This is actually my "third" go around. As a kid I built most of the GITD square box Aurora Monsters, and felt I was a master of modeling art. My "rediscovery" came in 1991 when I stumbled on the Monogram Luminator versions. Nothing a can of grey primer couldn't help for painting. But without any real interaction to learn from other modelers my builds were OK, but lacking in detail. Moved to Idaho in 2006 and in the transition all my built monster models (except a Creature From The Black Lagoon) went MIA. This bummed me out, and I would not build again until my eldest boy got me going again shortly before Halloween in 2012. The biggest difference this time has been my access to the internet and this forum and the Clubhouse. I now have the ability to learn and discuss things with other like minded modelers and I see improvement with every build I make. Like you, I am most happy with what I have done recently. 

Rob


----------



## BobbysMonsterModels (Mar 8, 2014)

Rob P. said:


> ...I would not build again until my eldest boy got me going again shortly before Halloween in 2012.
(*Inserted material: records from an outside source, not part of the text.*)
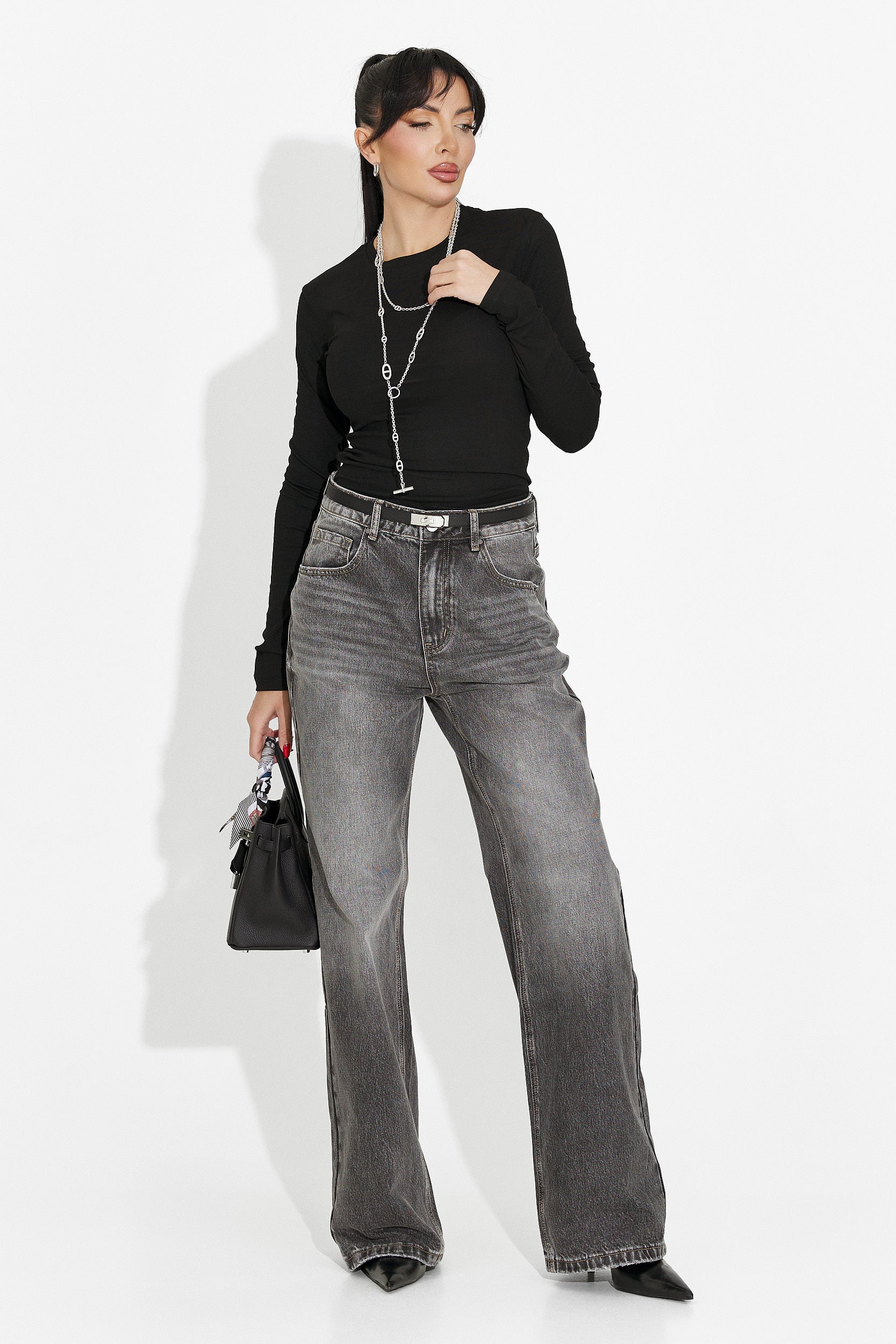 Női fekete alkalmi blúz Kisena bogas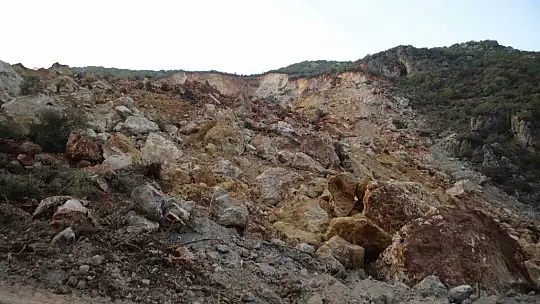 Depremde dağ dağa kavuştu, doğal göl oluştu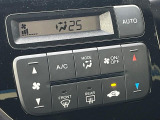 【オートエアコン】一度お好みの温度に設定すれば、車内の温度を検知し風量や温度を自動で調整。暑い&hellip;寒い&hellip;と何度もスイッチ操作をする必要はありません。快適な車内空間には必須の機能ですね♪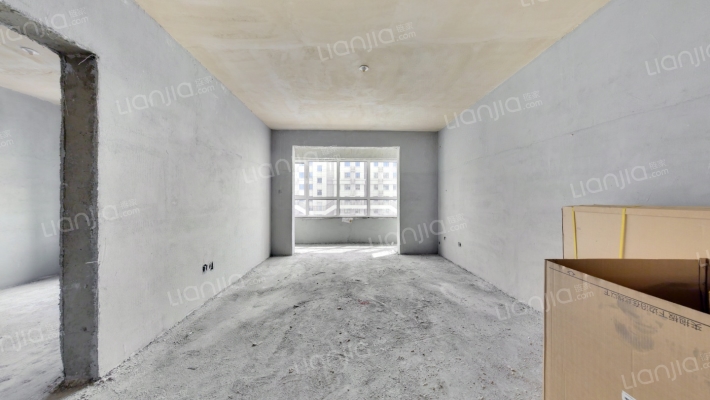 艾馨锦苑二手房实景图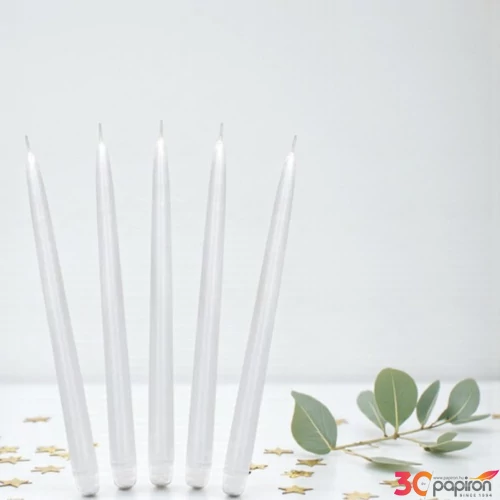 Gyertya kónusz metál 26cm gyöngyházfehér darabos a termék ára 1db-ra értendő!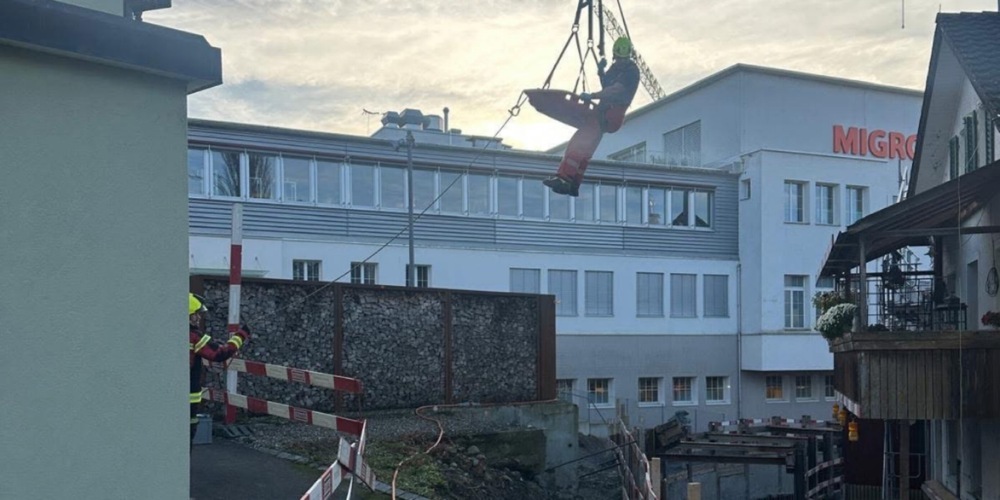 Die Feuerwehr Gossau bei der Bergung einer Person.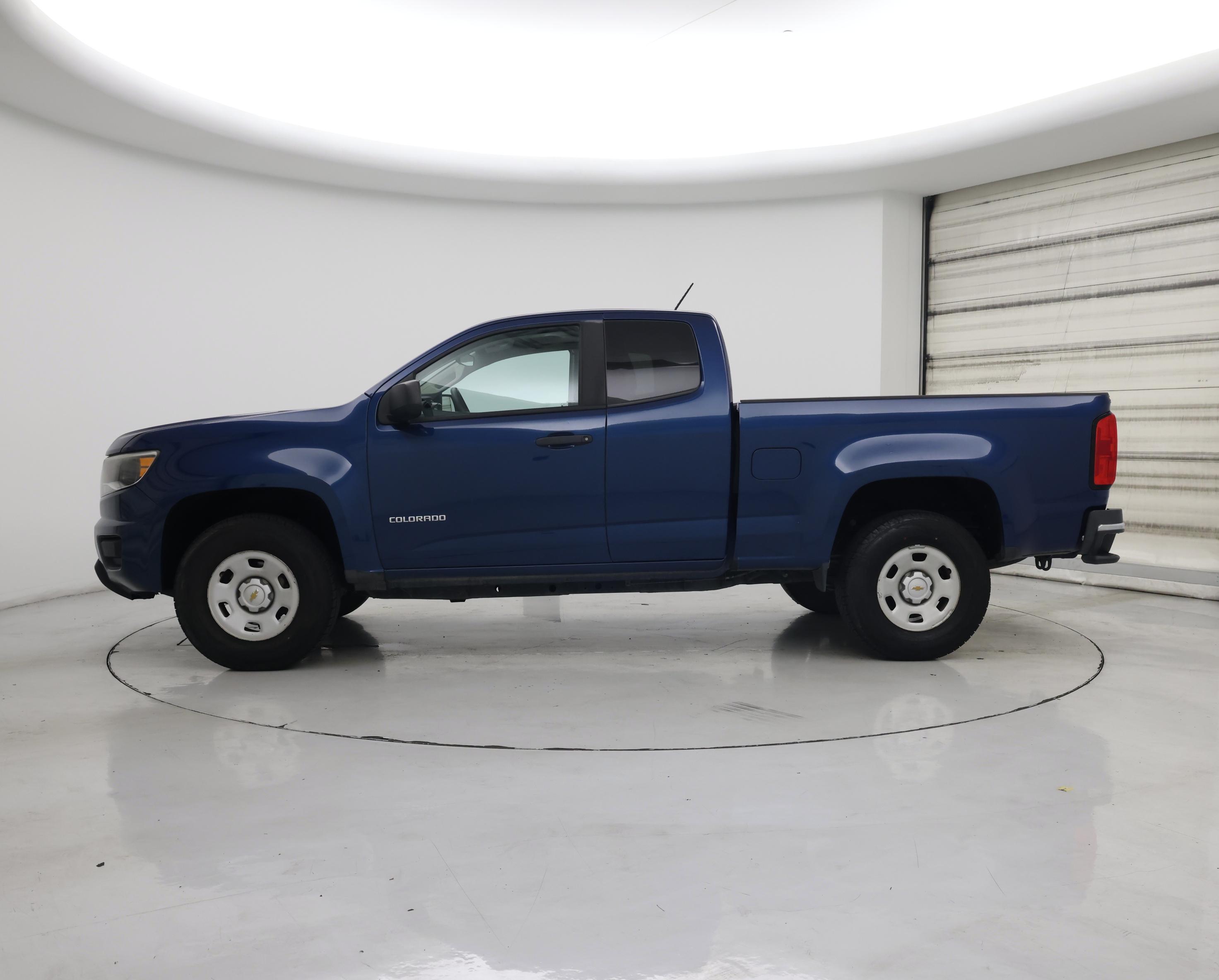Thumbnail: 2019 Chevrolet Colorado - 3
I didn't start building as an adult until 1998. I was 35 years-old, and had not touched a plastic model since I was around 12. My very first plastic models were the Aurora Monster Scenes…I built them when they came out in 1971. After them I built a number of the classic Aurora monster models. After that I got into building WWII airplanes. That all ended around 1975. What's really weird is that I had completely forgotten about the monster models…I mean, literally, I complete forgot about their existence. Back in 1998, we hired a web guy at the agency I was working for and he was telling me about Ebay. He collected toys for his little boy, and one day we got into discussing the toys we had as kids. This guy was several years younger than me, but he remembered the Aurora monster models. I was like, "OMG, I completely forgot about those things." I couldn't even remember what they looked like. He found a couple for sale on Ebay, and the rest was history…been building them since 1998 now.


----------



## Rob P. (Jan 26, 2004)

BobbysMonsterModels said:


> He found a couple for sale on Ebay, and the rest was history…been building them since 1998 now.


Ebay - Making all our dreams come true........LOL.  The best thing about ebay is I discovered the Monogram glow in the dark reissues of Frankenstein, Dracula, The Wolfman and The Mummy from the early 80's that had glow in the dark parts. (These escaped me as a young teen) I now have GITD versions squirreled away, and intend to build them up box stock with the glow parts for a display some day. I just need to figure out the best way that I can integrate the glow parts into the painted parts that I am happy with. 

Mean while I keep on with my expanded version builds, involving scratch building, kit bashing and aftermarket parts. This third go around has me pushing my creative skills constantly and I love it!

Rob


----------



## BobbysMonsterModels (Mar 8, 2014)

Rob P. said:


> I just need to figure out the best way that I can integrate the glow parts into the painted parts that I am happy with.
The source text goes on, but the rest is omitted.